Bowles was also asked if he knew whether it had been forbidden for condoms to be distributed to detainees but told senators he was ‘unaware’ if they had been or not.
Singh had been raising a number of issues around the treatment of LGBTI asylum seekers in the Australian run Manus Island asylum seeker detention camp inPapua New Guinea raised by Amnesty International in a December report.
Amnesty International reported that authorities knowingly sent gay refugees to Papua New Guinea’s Manus Island even after asking them if there is any reason they should not be sent there.
Amnesty International reports that gay refugees in detention have also been told that center stall must report them to the police if they engage in sex with other inmates.
Amnesty says that some of the LGBTI refugees who have legitimate claims to asylum over being persecuted for their sexuality are hiding their sexuality and making up other reasons for why they are seeking asylum because they want to avoid being prosecuted under Papua New Guinea law.
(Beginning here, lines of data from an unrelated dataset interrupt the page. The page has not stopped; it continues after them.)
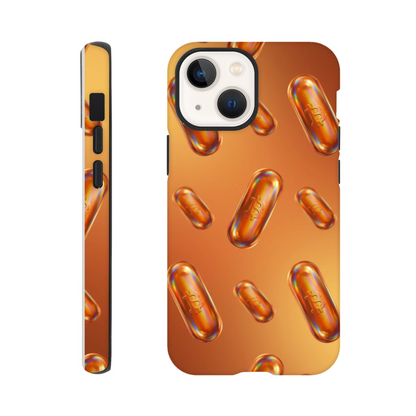 89425b8c-f759-4140-94e0-1e8c235bf5c9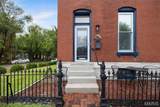 2869 Missouri Avenue - Photo 2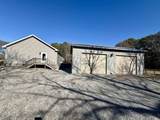 1160 Co Rd 1524 - Photo 3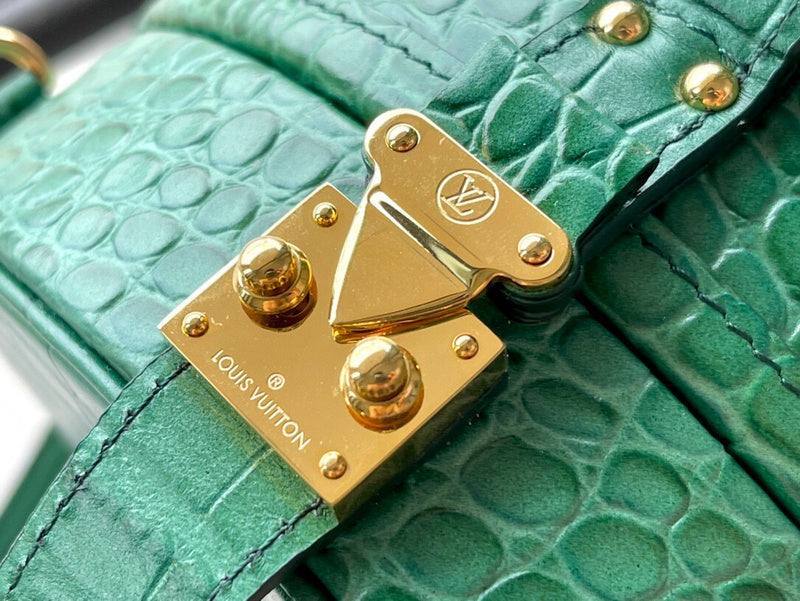 Amelia- Lu-Vi bags - 5951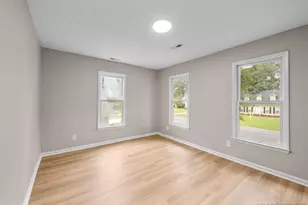 5713 Waldwick Rd, Fayetteville, NC 28311 - Photo 14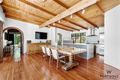 Property photo of 20 Elphin Street Floreat WA 6014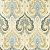 Обои Kravet Echo Heirloom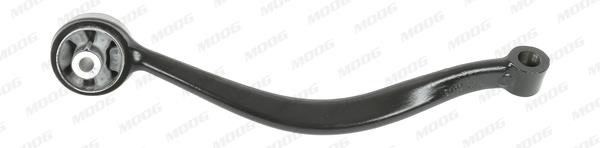 Buy Moog BM-TC-13422 at a low price in United Arab Emirates!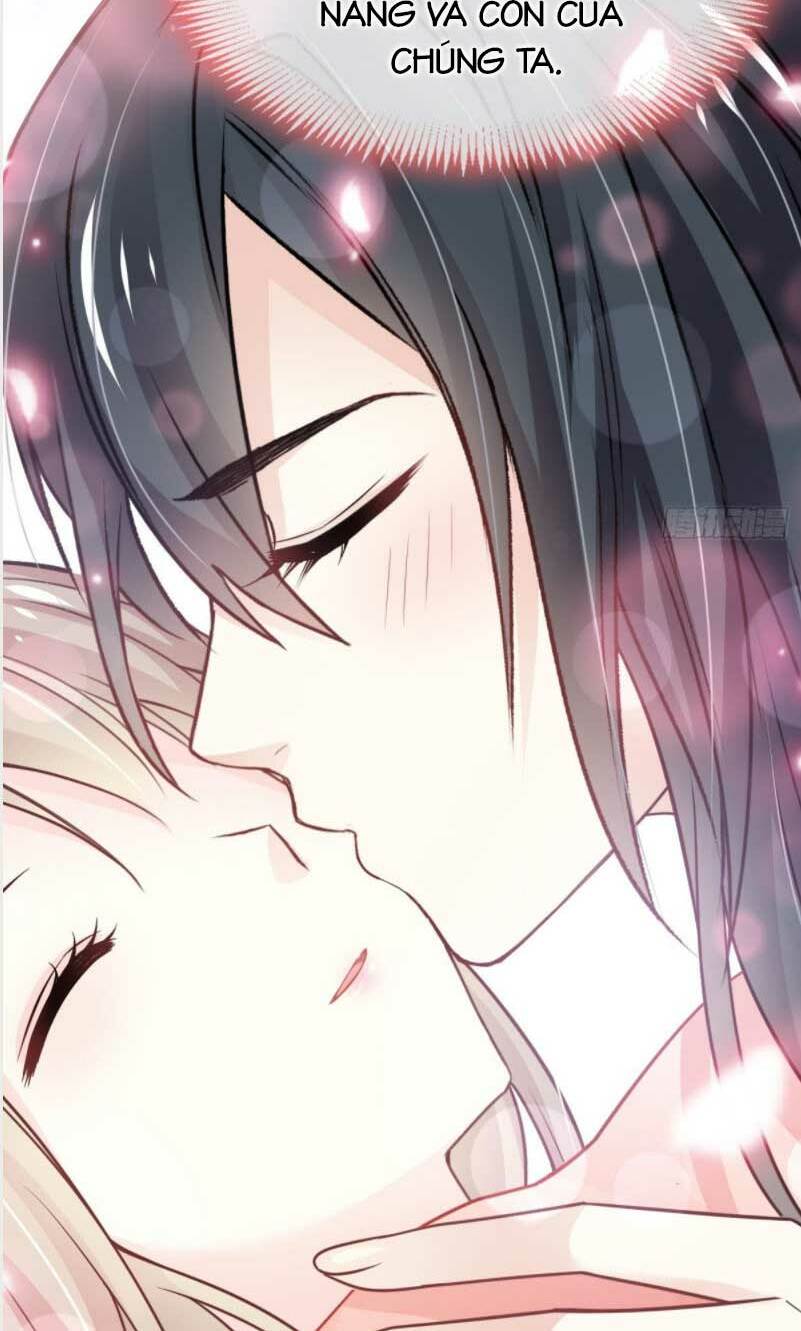 thiên hạ đệ nhất sủng phi chapter 210.1 18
The Manus Island detention center for asylum seekers who try to reach Australia by boats was established by the previous Labor government and the policy of not exempting LGBTI asylum seekers from being sent to Papua New Guinea was begun by Labor as well.
The running of the camp is under increased scrutiny at the moment after a 17 February riot at the camp was violently put down – resulting in the death of a young Iranian man and many more sustaining injuries.
Some accounts of the violence say that Papua New Guinea police and local people armed with clubs entered the camp.